A day prior, Chief Executive Leung Chun-ying went on TV to warn that police have been tasked to uproot the protesters by Monday.
“The government and the police have the duty and determination to take all necessary actions to restore social order so the government and the 7 million people of Hong Kong can return to their normal work and life,” said Leung, whose resignation has been sought by protest leaders.
Yet police took no action to roust the protestors by 6 a.m. Monday, either at Mong Kog or other protest sites, meaning that traffic would remain disrupted as rush hour starts. It is not known why Leung did not deliver on his ultimatum.
Leung’s comments also did little to dampen turnout Saturday night at a mass demonstration in the downtown area of Admiralty, where protesters have blockaded his office and other government buildings. It was one of the largest mass demonstrations yet during this tumultuous week, with tens of thousands gathering to hear speeches and support what has been called the “umbrella movement.”
The turnout showed that the students still have strong popular support in Hong Kong. But many residents are frustrated about disruptions to transportation and commerce. Those frustrations could grow as commuters return to work Monday following a holiday week.
Students leaders offered last week to enter into talks to end the protests, but only with Carrie Lam, Leung’s number two. They then shelved the talks following Friday’s violence in Mong Kok and a perceived lack of response by police against the attackers.

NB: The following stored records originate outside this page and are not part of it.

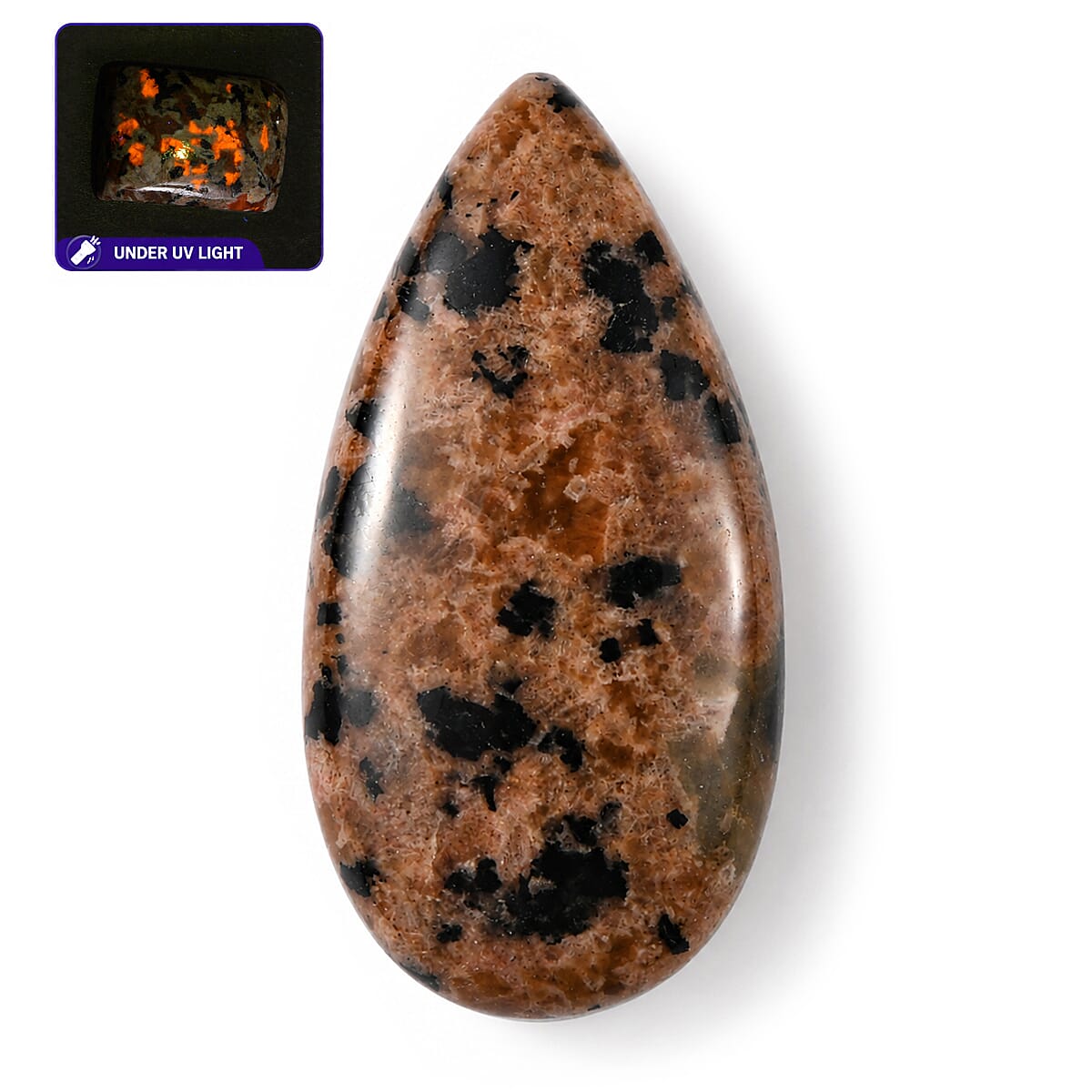 Yooperlite (Pear 20x10 mm) 6.95 ctw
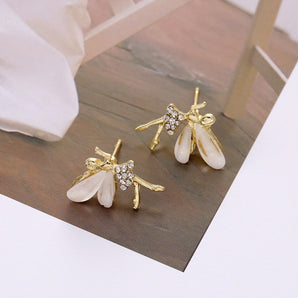 Elf Flower Crystal Fairy Stud Earrings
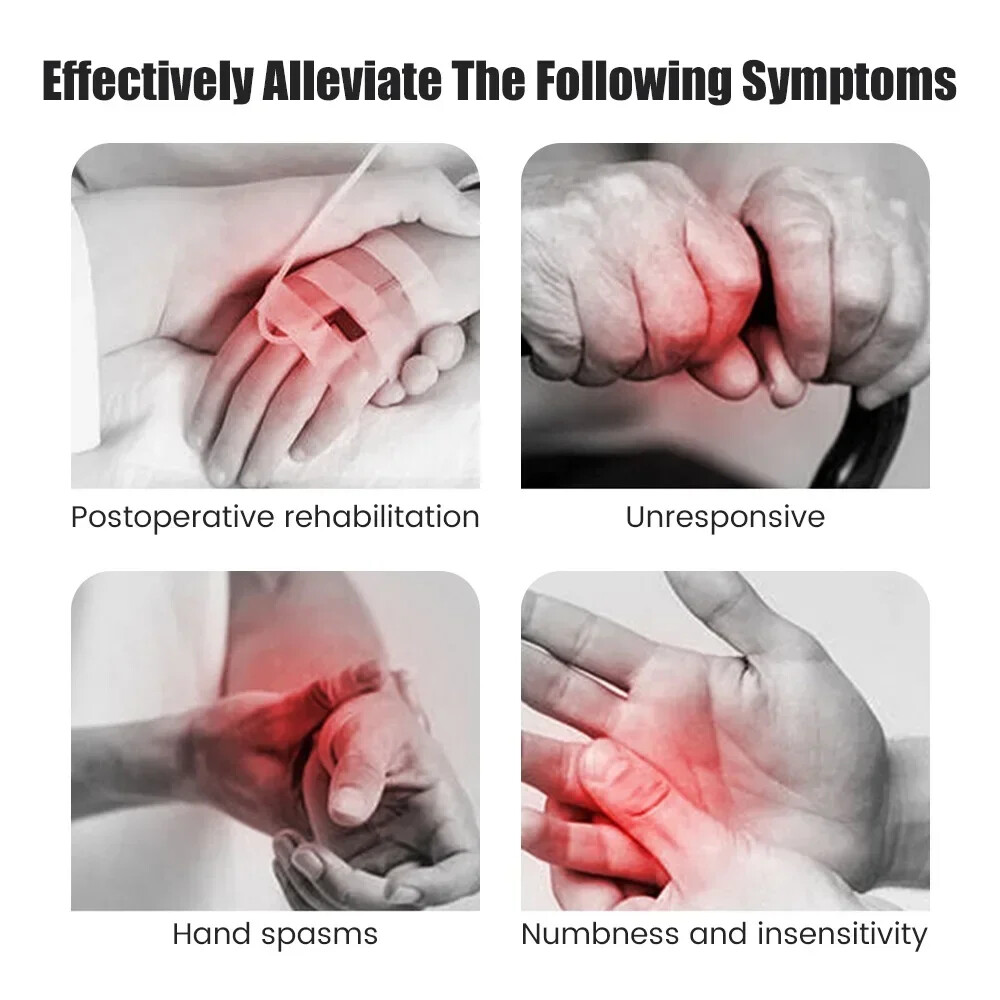 Left & Right Hand Finger Rehabilitation Exerciser Robot Gloves Training Therapy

On Sunday, the Hong Kong government offered to reopen talks if barricades were removed. A top official, Executive Councillor Regina Ip Lau Suk-yee, also said in an television interview that the government and police would be willing to investigate how the police handled clashes in Mong Kok and elsewhere. That’s been a demand of a leading protest group, the Hong Kong Federation of Students.
“For the sake of the government and police’s credibility, I believe they will handle the matter in a fair manner,” Ip reportedly said, according to a translation provided by the South China Morning Post.
Pro-democracy groups seem divided on whether they should engage in concessions before talks start, or only afterward. Each day, the pressure grows on them to make concessions in the interest of protecting their own.
On Sunday, the president of the University of Hong Kong made an impassioned plea for protesters to protect themselves.
“I am making this appeal from my heart because I genuinely believe that if you stay, there is a risk to your safety,” said Peter Mathieson in a statement. “Please leave now: You owe it to your loved ones to put your safety above all other considerations.”
In Hong Kong and internationally, there is wide debate on whether the core protesters understand the risks of defying the Hong Kong government, which reports to the Chinese Communist Party in Beijing.
In an op-ed in the Wall Street Journal on Friday, a leading China expert warned that Hong Kong’s protesters may be tempting the same response that the CCP unleashed against students in Tiananmen Square in 1989.
“For the demonstrators themselves, there is a danger,” wrote Orville Schell, director of the Center on U.S.-China Relations at the Asia Society. “They can become too intoxicated by a feeling of invincibility, of marching in history’s current, especially once their movement gathers sufficient force to occupy a highly symbolic seat of power like Central in Hong Kong…”
Here in Hong Kong, not all observers think the students are unaware of the risks they are taking. Francis Moriarty, a longtime Hong Kong journalist and commentator, said the students are anything but naive.
“I think that is paternalistic nonsense,” Moriarty said in an interview Sunday. “They know what they are doing. They are ready for the consequences. These are educated students. They know about what happened in 1989.”
Moriarty said it is reasonable to ask whether students are making wise decisions by continuing to occupy protest sites. In urging students to retreat, he said, community leaders should also insist that police avoid excessive force in removing them.